Standard abbreviations
- ISO 4: Pro tempore

Indexing
- ISSN: 1334-8302

Links
- Journal homepage;

= Pro tempore (journal) =

Pro tempore is a Croatian academic journal. It covers topics in Croatian and world history, and historiography, publishing a selection of articles, interviews, essays, in memoriams and book reviews. Since 2008 each issue has dealt with a specific topic in history, such as the early modern period, cultural history, gender history, business history and the Annales School. Also, since 2009 many international scholars have published their contributions.

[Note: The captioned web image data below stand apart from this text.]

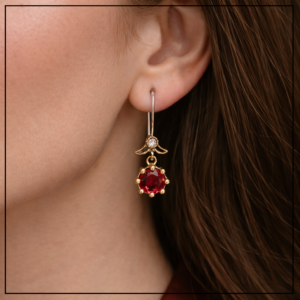 ORİENTALNY KOMPLET KWIATEK granat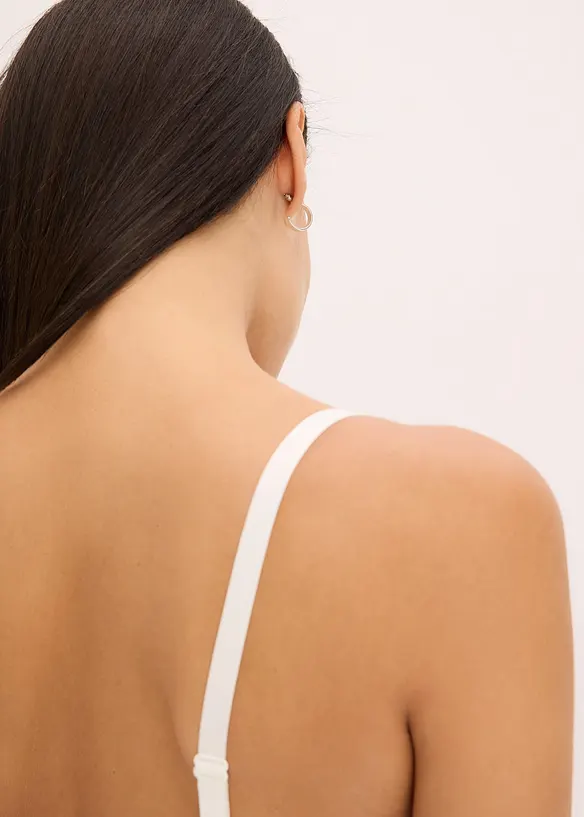 Soutien-gorge à coques et broderies imprimées, bonprix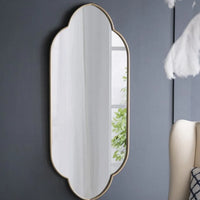 Greek Oval Metal Wall Mirror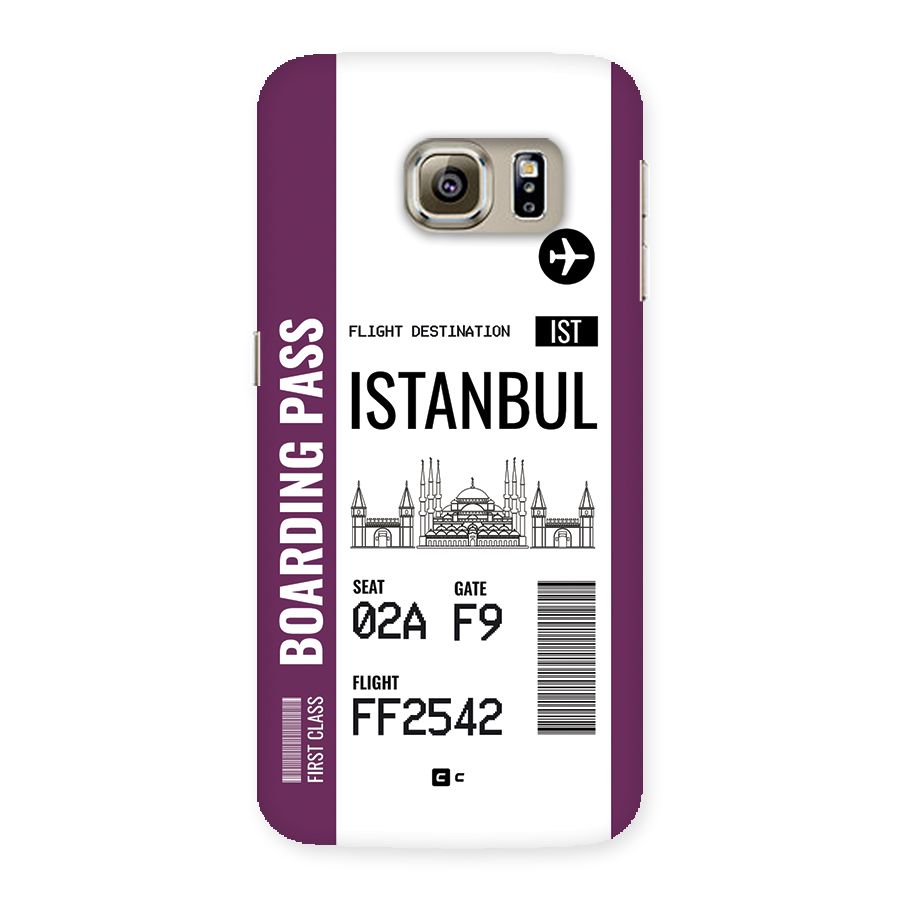 Istanbul Boarding Pass Back Case for Galaxy S6 Edge Plus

The historical journal, founded in 2004 by students, was published by ISHA-Zagreb (the Zagreb section of the International Students of History Association) for the first 15 issues. Starting from 16th issue current publisher is Department of History, Faculty of Humanities and Social Sciences, University of Zagreb. The journal is published once or twice a year in Croatian, with some articles in English.

In 2010, the journal organized a round table (Annales in Perspective: Designs and Accomplishments) on the 80th anniversary of the founding of the Annales d'histoire économique et sociale with André Burguière as the keynote speaker. As of 2010 the editorial board is organizing movie nights dedicated to films made in collaboration with notable historians.